Found this lovely recipe in Sarah Kramer and Tanya Barnard’s “How it All Vegan” cookbook. Just a reminder to everyone that there are links on the cookbook page that direct you right to the book’s Amazon.com page to buy it. All of the cookbooks I own were bought after an intense amount of scrutiny on my part and I recommend owning all of them if you’re looking for a good cookbook. So I took off on my little green bike after teaching a shorter class today and headed to Safeway to purchase bell peppers and tomatoes for the following recipe. The main reason we chose this recipe is because we have a big ol’ head of cauliflower sitting in the fridge that it just BEGGING to be used. Every time I open the door it looks at me and says: “Come on, Erin. I’m so bored in here. I’d rather be in your tummy.” Well cauliflower, I aim to please. This soup is delicious AND a really lovely, colorful recipe to set on a table in front of guests. I definitely recommend it.
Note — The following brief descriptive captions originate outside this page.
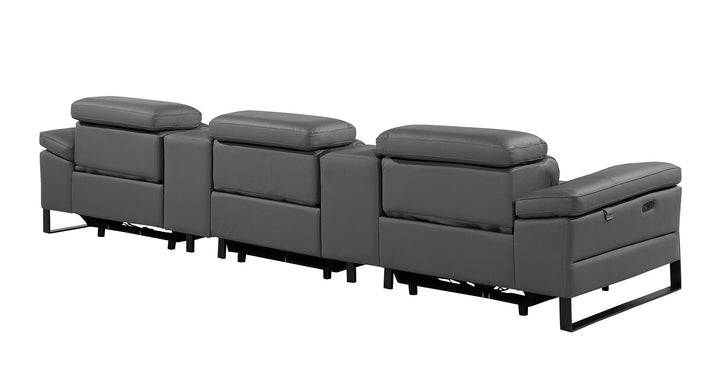 DivanItalia 1246 Modular Power Triple Reclining Dual Console Sofa with Power Reclining Headrests – Top Grain Italian Leather - Dark Gray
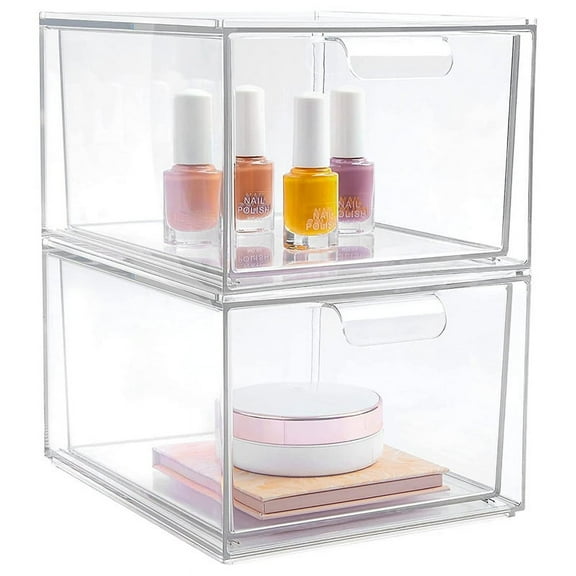 2PCS K Cup Organizer Coffee Pod Storage Container Stackable Drawers for Creamer Suger Coffee Bar Organizer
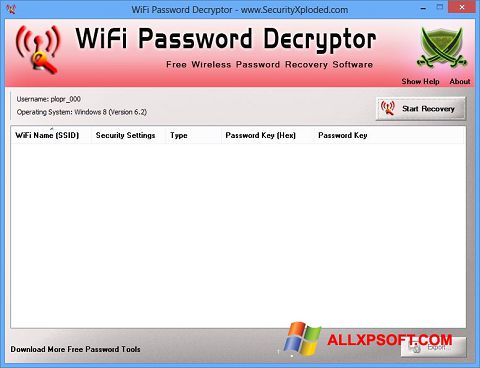 Screenshot WiFi Password Decryptor für Windows XP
Next time I make this I will change 3 things: 1) I will add a tiny bit of salt to the soup, 2) I will use diced canned tomatoes to give the soup a bit more juice, 3) I will use coconut milk rather than shredded coconut because it will give a little more juice to the soup, which is really heavy on pieces of food and not as much on juices.

Mulligatawny Soup
1 large onion, chopped
3 stalks celery, chopped
3 tablespoons olive oil
1/2 teaspoon cayenne pepper
1 teaspoon turmeric
1 teaspoon coriander
1 teaspoon curry powder
2 tablespoons soy sauce
6 cups vegetable stock
2 medium carrots, sliced
2 large potatoes, cut into cubes
1/2 cup rice
1 small red pepper, diced
1 small green pepper, diced
1 small tomato, diced
1 cup cauliflower, sliced
3/4 cup grated coconut
3 teaspoons lemon juice
3 teaspoons cilantro

1. In a large soup pot, saute the onions and celery in oil on medium heat till onions are translucent.
2. Add the cayenne, turmeric, coriander, curry, soy sauce, veggie stock, carrots, potatoes, and rice.
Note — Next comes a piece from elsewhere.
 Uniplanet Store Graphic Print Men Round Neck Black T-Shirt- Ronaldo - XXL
3. Bring to a boil and reduce heat. Simmer for 15-20 minutes.
4. Add the peppers, tomato, cauliflower, coconut, lemon juice, and cilantro.
5. Stir together and simmer 5-10 minutes until vegetables are tender.
6. You can either blend all or half of the soup in a food processor or mash it up a bit with a potato masher (as I do) before returning to the heat for 3 minutes and then serving.